### Working data:
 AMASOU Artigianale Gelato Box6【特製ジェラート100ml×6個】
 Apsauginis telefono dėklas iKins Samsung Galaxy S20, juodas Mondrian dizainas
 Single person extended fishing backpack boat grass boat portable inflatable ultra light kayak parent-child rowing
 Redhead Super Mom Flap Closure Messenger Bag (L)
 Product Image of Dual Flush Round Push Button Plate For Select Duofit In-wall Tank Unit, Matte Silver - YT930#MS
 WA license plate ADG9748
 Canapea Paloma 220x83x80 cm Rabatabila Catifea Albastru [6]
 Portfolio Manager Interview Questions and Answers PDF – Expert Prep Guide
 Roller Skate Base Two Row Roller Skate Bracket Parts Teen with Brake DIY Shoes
---
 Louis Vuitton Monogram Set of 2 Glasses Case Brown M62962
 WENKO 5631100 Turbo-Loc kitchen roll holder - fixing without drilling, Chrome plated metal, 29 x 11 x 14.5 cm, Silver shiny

### What this task involves:
Everything from the line with "AMASOU Artigianale Gelato" through the line with "Roller Skate Base" should be written out exactly as it appears above, end lines included, and nothing outside that range.

### Exercise response:
 AMASOU Artigianale Gelato Box6【特製ジェラート100ml×6個】
 Apsauginis telefono dėklas iKins Samsung Galaxy S20, juodas Mondrian dizainas
 Single person extended fishing backpack boat grass boat portable inflatable ultra light kayak parent-child rowing
 Redhead Super Mom Flap Closure Messenger Bag (L)
 Product Image of Dual Flush Round Push Button Plate For Select Duofit In-wall Tank Unit, Matte Silver - YT930#MS
 WA license plate ADG9748
 Canapea Paloma 220x83x80 cm Rabatabila Catifea Albastru [6]
 Portfolio Manager Interview Questions and Answers PDF – Expert Prep Guide
 Roller Skate Base Two Row Roller Skate Bracket Parts Teen with Brake DIY Shoes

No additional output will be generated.